Ivan Scalfarotto non aveva lo smartphone ma fissava il vuoto, apparentemente attonito, come qualcuno che abbia finito credito e giga sul più bello. E intanto Martina parlava.
Questa, la foto. Bisogna tuttavia fare molta attenzione prima di trarre qualsiasi conclusione dalla realtà che essa ci mette davanti. È il ritratto di un partito che fa una cosa vecchia, come una riunione di organi dirigenziali? Sì, e tutti sanno che sono circostanze che portano a distrarsi: lo si è sempre fatto, anche prima che la tentazione dello smartphone potesse renderlo evidente (e fotografabile). È il ritratto di quel partito autoreferenziale, lontano dalla gente, di cui si parla per spiegarne la pessima riuscita elettorale? Eh no, questo non lo si può dire: i membri di un partito autoreferenziale starebbero attentissimi, non ammetterebbero alcuna interferenza esterna mentre parlano di sé. Se fossero poi tanto lontani dalla gente, allora non farebbero proprio ed esattamente quello che, in Italia, fanno tutte le genti di ogni età, origine e ceto: cioè stare in eterna contemplazione del proprio smartphone.
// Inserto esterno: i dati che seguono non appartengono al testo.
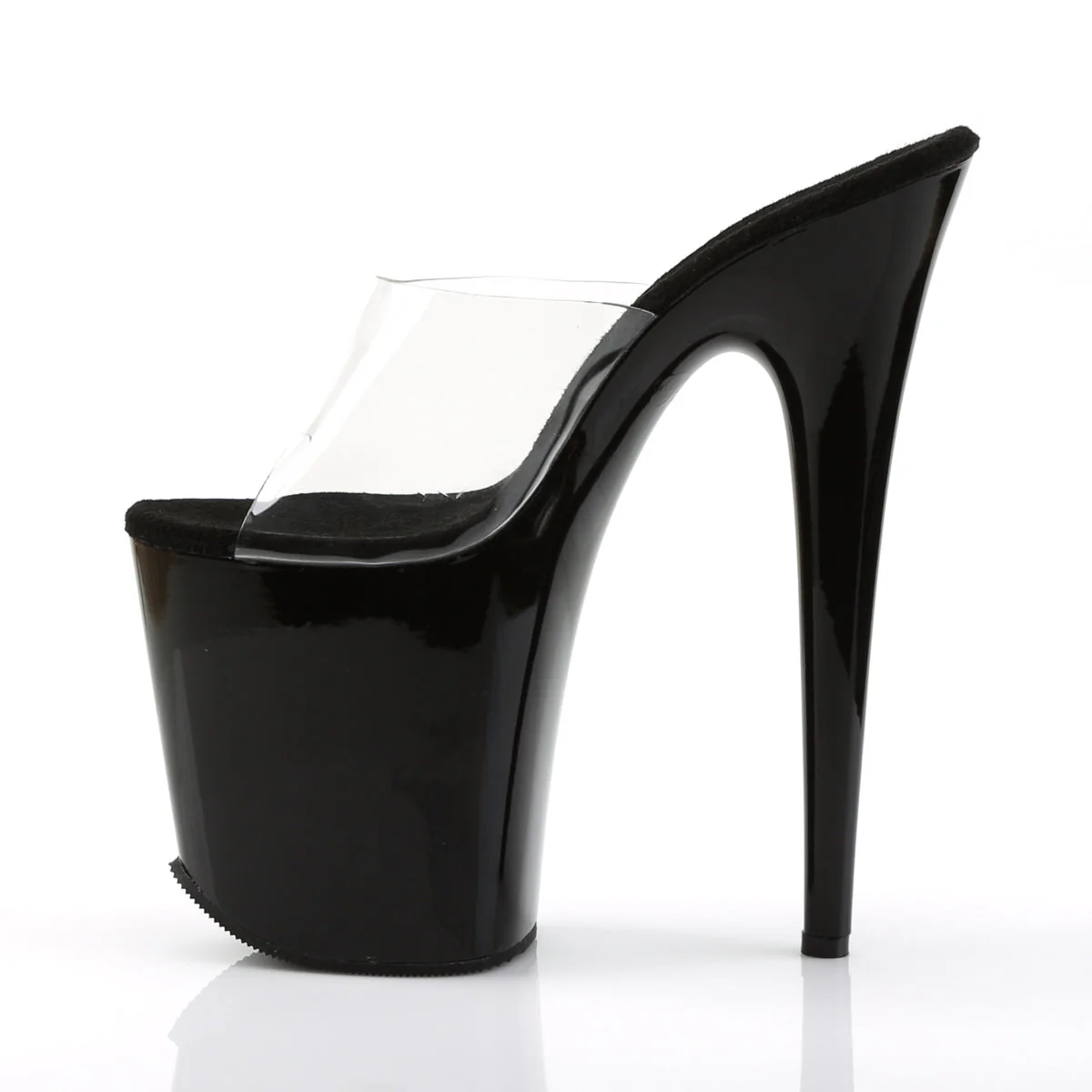 Clear Black 8 Inch Dancer Platform Platform Shoes -  Pleaser FLAMINGO-801 - Image 3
Magari l’italiano medio (quindi, non del Pd) quando prevede che la riunione lo annoierà non si siede in prima fila, dove i fotografi ti beccano subito a digitare, ma queste sono sfumature.
Un’altra cosa su cui occorre usare cautela e non essere frettolosi è il presupposto per cui lo smartphone sarebbe veicolo esclusivo di intrattenimenti più o meno leciti e più o meno stupidi. La direttrice dell’Economist ha raccontato di avere sgridato il figlio adolescente che aveva sempre in mano l’iPad e gli aveva ingiunto di posarlo. E il figlio protestò: «Ma mamma, stavo leggendo l’Economist!».
Nulla ci lascia pensare che ministri tuttora in carica e funzionari stessero giocando a Candy Crush Soda Saga, flirtassero con altri partecipanti alla riunione o chattassero malevolenze su avversari di corrente. Magari leggevano l’Economist. Parimenti, il Paese Reale su Facebook fa conoscenza di molti gattini, della situazione meteo di molte città e dell’umore di tanti contatti che odiano il lunedì; sempre su Facebook, però, vengono pubblicati link ad articoli e saggi per leggere i quali un tempo occorreva seguire riviste difficilmente reperibili e da questi, ma anche da commenti meno banali, si imparano tante cose. Quando entriamo in un bus o in una metro in cui tutti guardano lo smartphone, come se fossero in una riunione del Pd, perché siamo tanto sicuri che tutti stiano trastullandosi? È probabile, d’accordo: ma non è sicuro. E non è neppure molto interessante perché, con i social network, la questione non è tanto quella dei loro «contenuti»: è quella del ritmo, la sensazione che stia sempre succedendo qualcosa e che a dare un’occhiata non ci sia nulla di male. Diventa una compulsione: a teatro (ultimo caso proprio lo stesso giorno, a Catania dove Raoul Bova e Chiara Francini hanno interrotto lo spettacolo per protesta contro il pubblico telefonante), nelle aule, mentre si lavora e (già) persino mentre si guida.
Il Pd non è autoreferenziale, è distratto: e lo è al punto da distrarsi persino da sé stesso. In questo, è come noi. Sia detto senza ingiuria per nessuno.